━━ RECORDS FOR THE TASK ━━
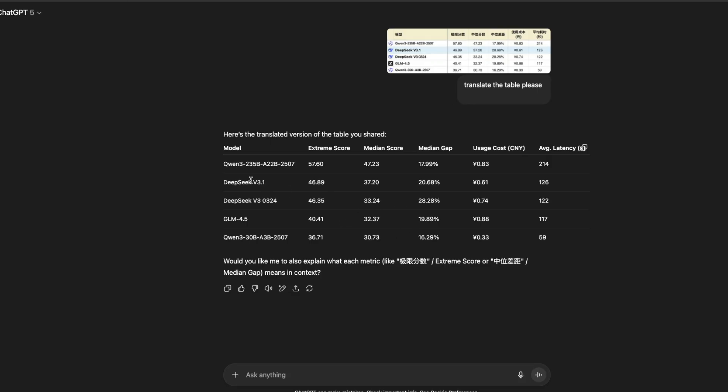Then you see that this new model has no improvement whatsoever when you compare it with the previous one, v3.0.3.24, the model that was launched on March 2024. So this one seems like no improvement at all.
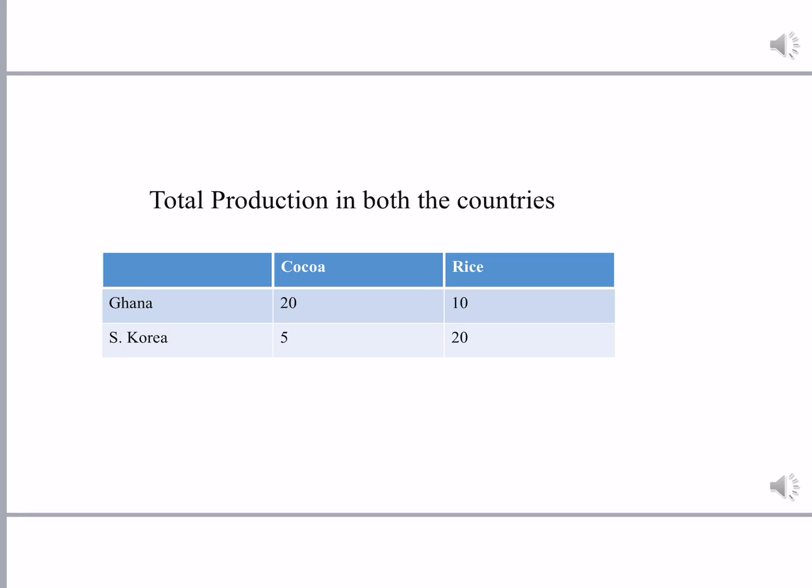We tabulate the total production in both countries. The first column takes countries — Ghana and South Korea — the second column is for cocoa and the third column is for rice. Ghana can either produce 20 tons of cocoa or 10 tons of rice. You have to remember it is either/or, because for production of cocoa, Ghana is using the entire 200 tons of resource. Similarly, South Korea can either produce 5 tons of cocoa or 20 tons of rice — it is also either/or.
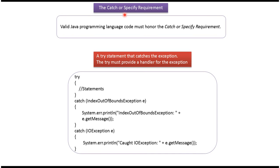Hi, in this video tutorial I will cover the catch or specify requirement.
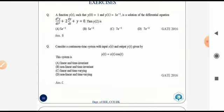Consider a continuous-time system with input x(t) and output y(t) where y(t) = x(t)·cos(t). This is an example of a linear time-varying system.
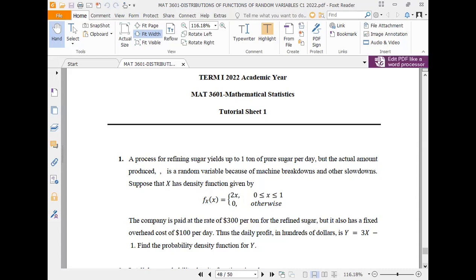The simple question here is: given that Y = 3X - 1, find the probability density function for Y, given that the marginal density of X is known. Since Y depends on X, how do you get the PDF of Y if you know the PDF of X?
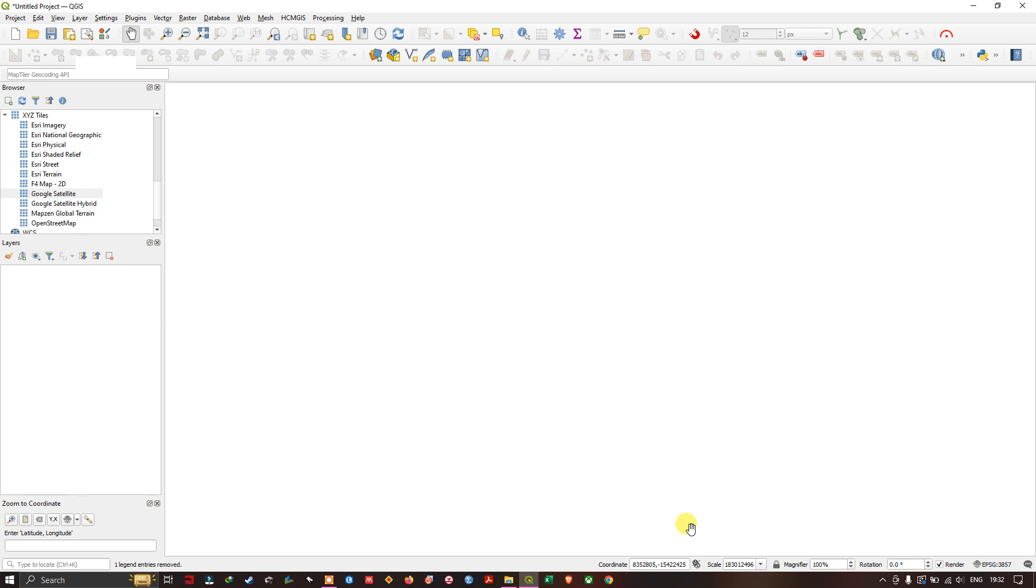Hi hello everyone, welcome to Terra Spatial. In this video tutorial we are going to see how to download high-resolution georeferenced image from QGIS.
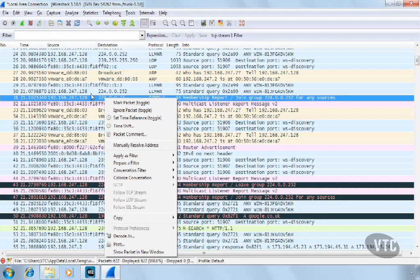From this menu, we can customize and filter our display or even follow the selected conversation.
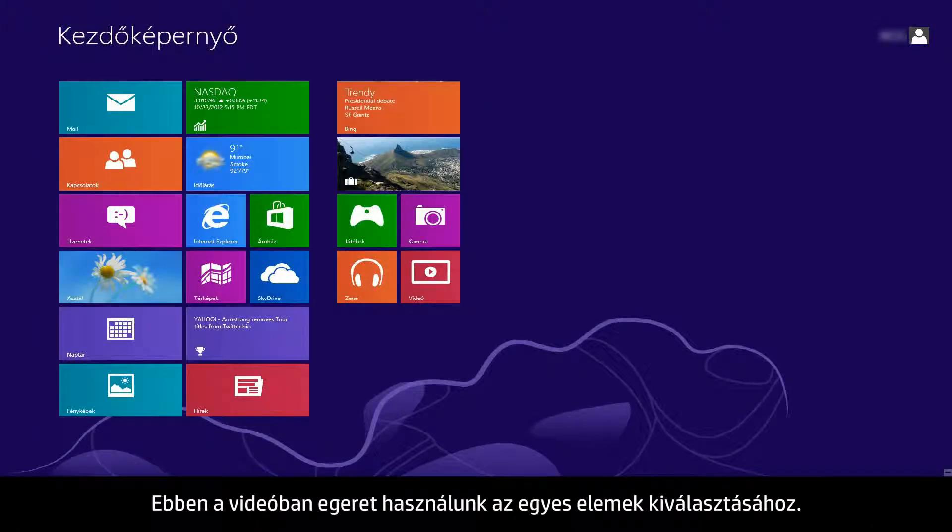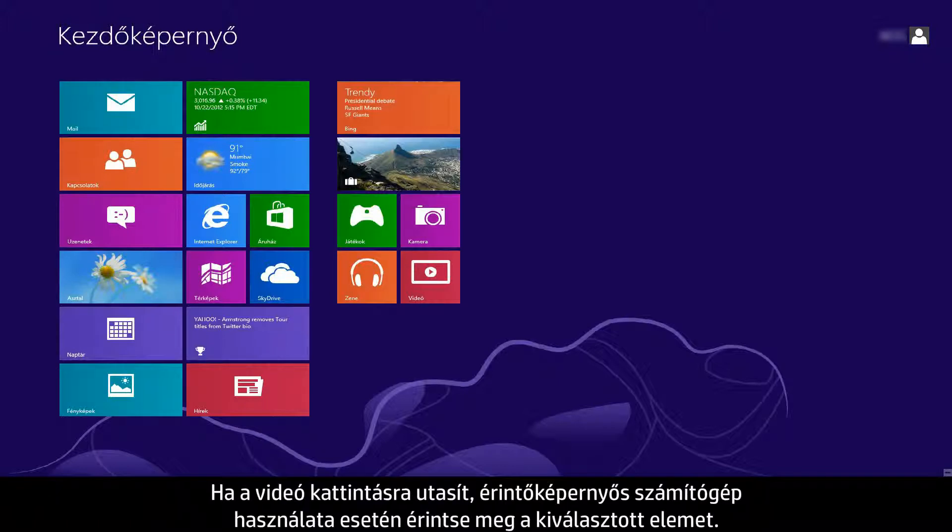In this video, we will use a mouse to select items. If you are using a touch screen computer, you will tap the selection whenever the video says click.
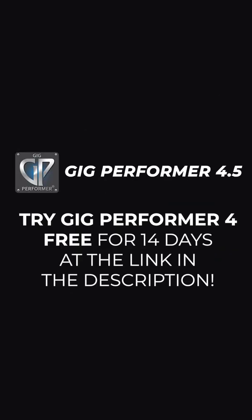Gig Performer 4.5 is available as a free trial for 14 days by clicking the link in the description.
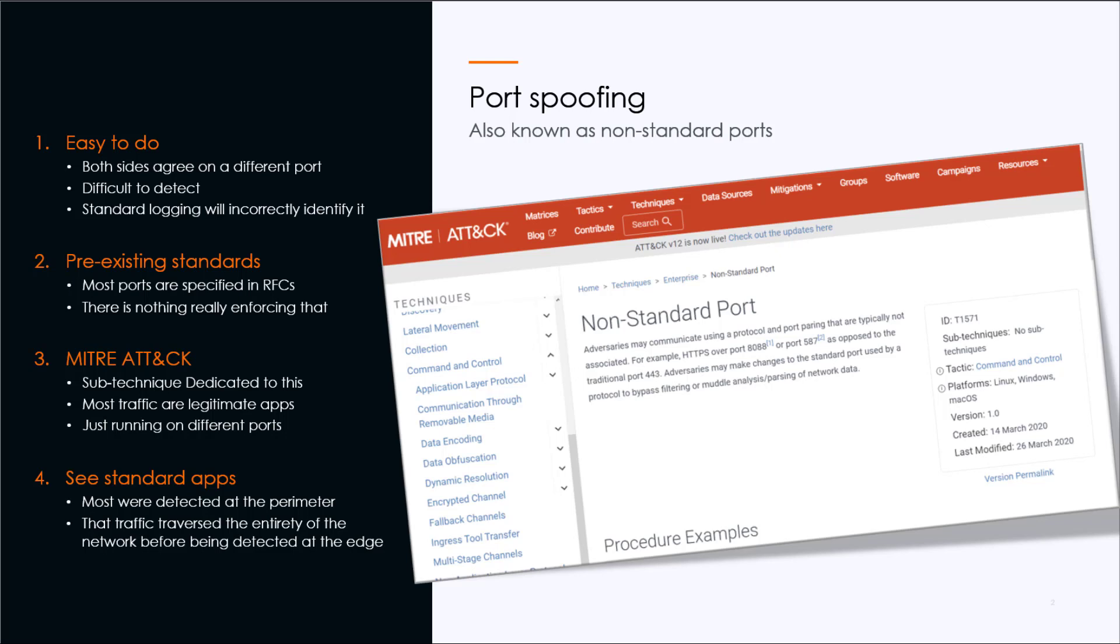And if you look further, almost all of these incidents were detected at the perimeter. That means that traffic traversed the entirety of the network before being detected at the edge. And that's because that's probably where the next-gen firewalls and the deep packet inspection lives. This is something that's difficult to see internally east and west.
━━━
PROBLEM REQUIREMENTS: Copy only what lies between the start of the listing above and the line containing "From this menu, we", inclusive of both ends, exactly as written, and drop the pictures.

REPLY TO THE EXERCISE:
Then you see that this new model has no improvement whatsoever when you compare it with the previous one, v3.0.3.24, the model that was launched on March 2024. So this one seems like no improvement at all.
We tabulate the total production in both countries. The first column takes countries — Ghana and South Korea — the second column is for cocoa and the third column is for rice. Ghana can either produce 20 tons of cocoa or 10 tons of rice. You have to remember it is either/or, because for production of cocoa, Ghana is using the entire 200 tons of resource. Similarly, South Korea can either produce 5 tons of cocoa or 20 tons of rice — it is also either/or.
Hi, in this video tutorial I will cover the catch or specify requirement.
Consider a continuous-time system with input x(t) and output y(t) where y(t) = x(t)·cos(t). This is an example of a linear time-varying system.
The simple question here is: given that Y = 3X - 1, find the probability density function for Y, given that the marginal density of X is known. Since Y depends on X, how do you get the PDF of Y if you know the PDF of X?
Hi hello everyone, welcome to Terra Spatial. In this video tutorial we are going to see how to download high-resolution georeferenced image from QGIS.
From this menu, we can customize and filter our display or even follow the selected conversation.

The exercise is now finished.